In order to achieve our main goal, one of the first steps was to compare PRV with HRV. Our results indicate that almost all the indices computed from PRV may be an alternative to those computed from HRV, even for clinical use. This may be concluded from the results of our comparison among the PRV-HRV correspondences and HRV-HRV correspondences. However, there are some indices which show a bias related to the values computed from an HRV analysis (mainly pNN50 and high-frequency power). This phenomenon corresponding to biases was found in other earlier studies as well , so one might think that with some direct (possibly) linear transformation or by taking into account the rhythm of breathing, there should be a way to minimize the errors between the two kinds of rate variability indices. In the future, we plan to validate PRV measured using a smartphone with HRV involving CAD (coronary artery disease) patients. Moreover, we are interested in whether there is any medical reason which explains the variability among the derived indices computed from different ECG channels. Also a short-term goal of ours is to make our smartphone application free to the public and get as many people involved in data collection as possible.
Conflicts of Interest
The authors declare that there is no conflict of interest regarding the publication of this article.

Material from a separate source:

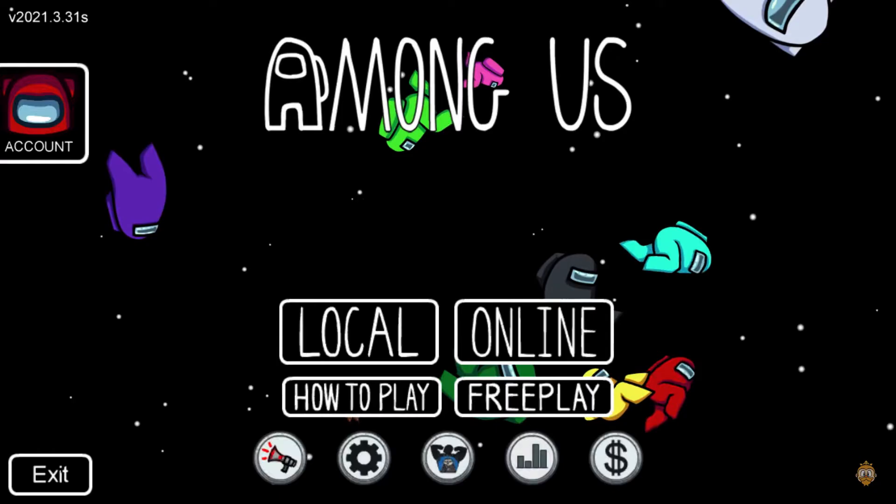Once you are in the game and want to close your account session, you must select the account option. There you must click on the option to play as a guest. The game will immediately understand that you want to log out of your main account and will do it for you.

The authors would like to thank Gábor Sipka and Tibor Szabó for their valuable contribution on the development of the previous version of this method. They are also grateful to Professors Ferenc Bari, Ph.D., D.Sc, and József Tolnai, Ph.D., for their support and for the Cardiax ECG device. This project GINOP-2.2.1-15-2017-00073 (Tigra) was supported by the European Union and cofinanced by the European Regional Development Fund.